=== How to complete this task ===
With the images left out, print every entry that follows exactly.

---------- Data supplied

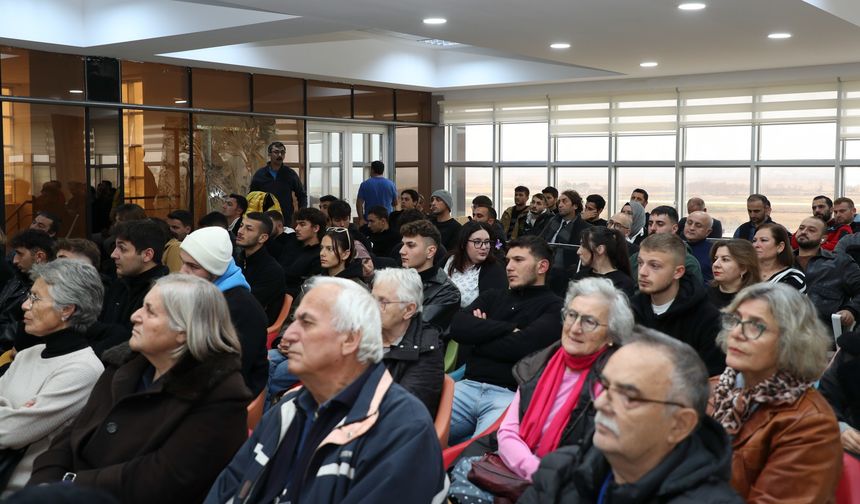 Sinop’un su altı mirası gün yüzene çıkarıldı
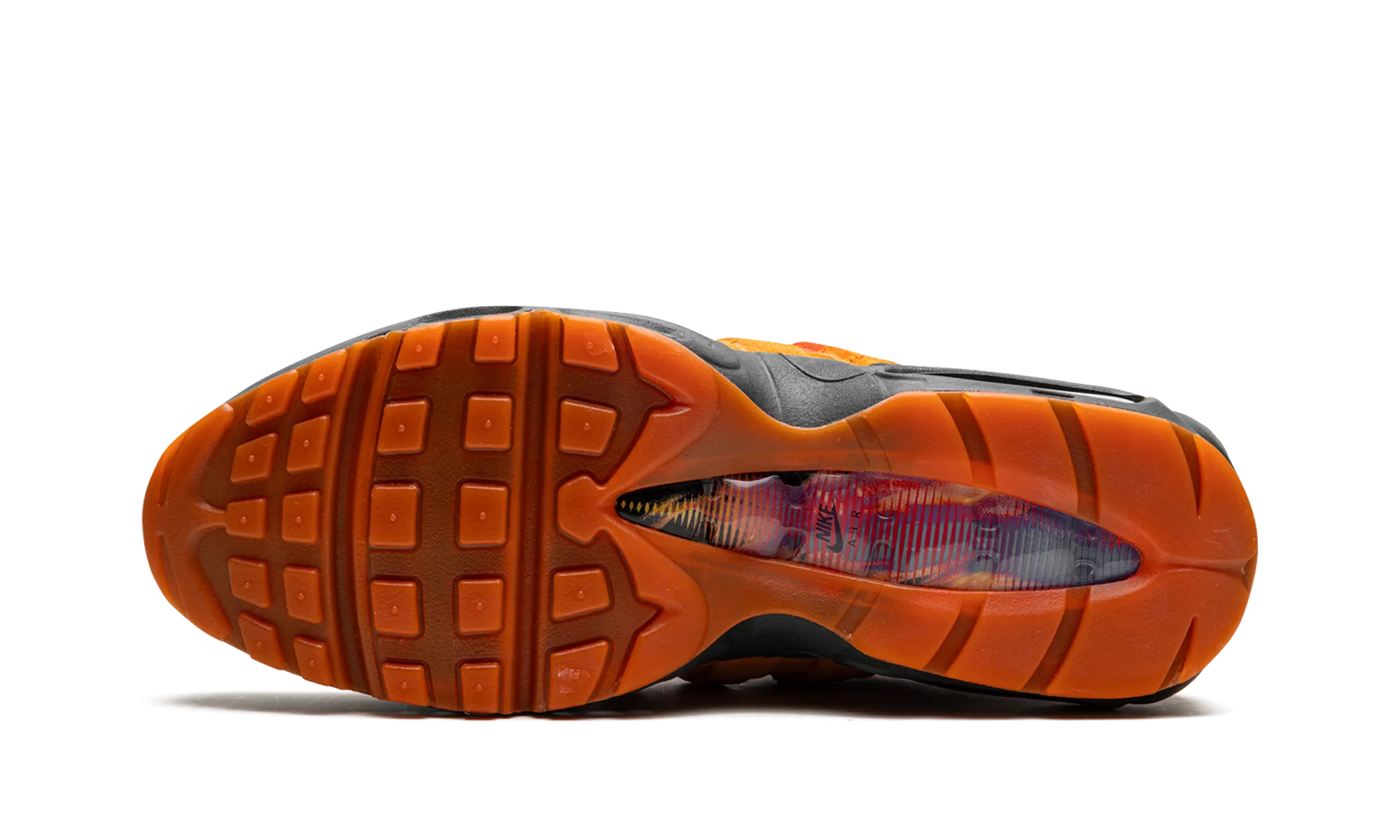 Air Max 95 "Atlanta" nike breathable mens trainers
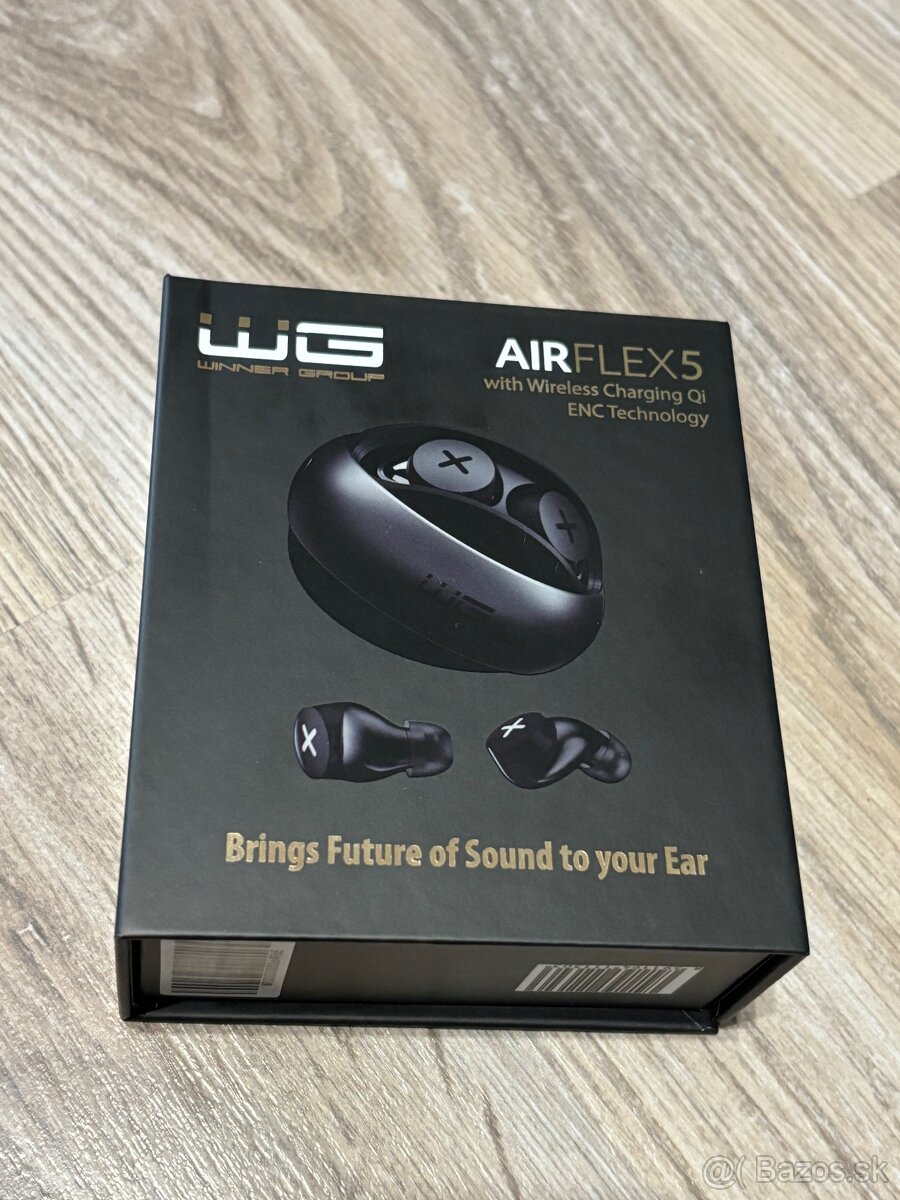 Predám Nové WG Air flex 5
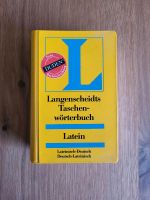 Langenscheidt Taschenwörterbuch Lateinisch Deutsch Nordrhein-Westfalen - Oberhausen Vorschau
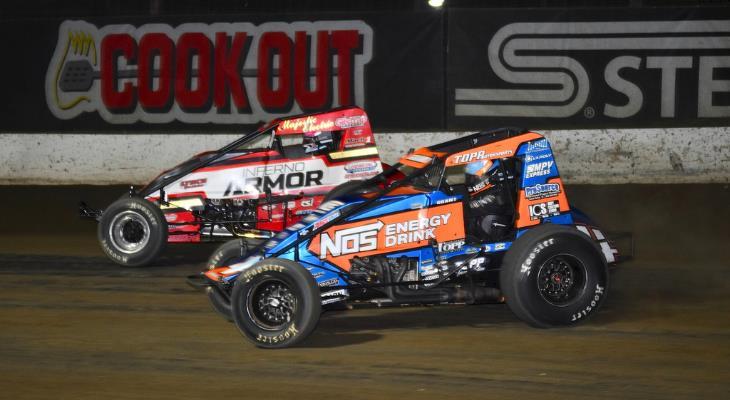 AMSOIL USAC Eastern Storm Rolls in June 17-22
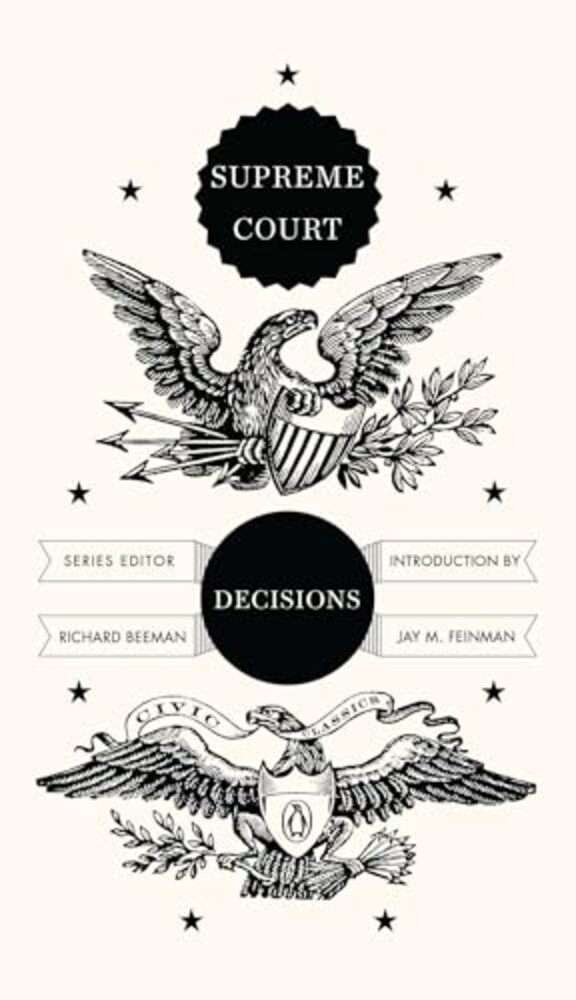 Supreme Court Decisions-..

--------------------

=== Reply ===
 Sinop’un su altı mirası gün yüzene çıkarıldı
 Air Max 95 "Atlanta" nike breathable mens trainers
 Predám Nové WG Air flex 5
 Langenscheidt Taschenwörterbuch Lateinisch Deutsch Nordrhein-Westfalen - Oberhausen Vorschau
 AMSOIL USAC Eastern Storm Rolls in June 17-22
 Supreme Court Decisions-..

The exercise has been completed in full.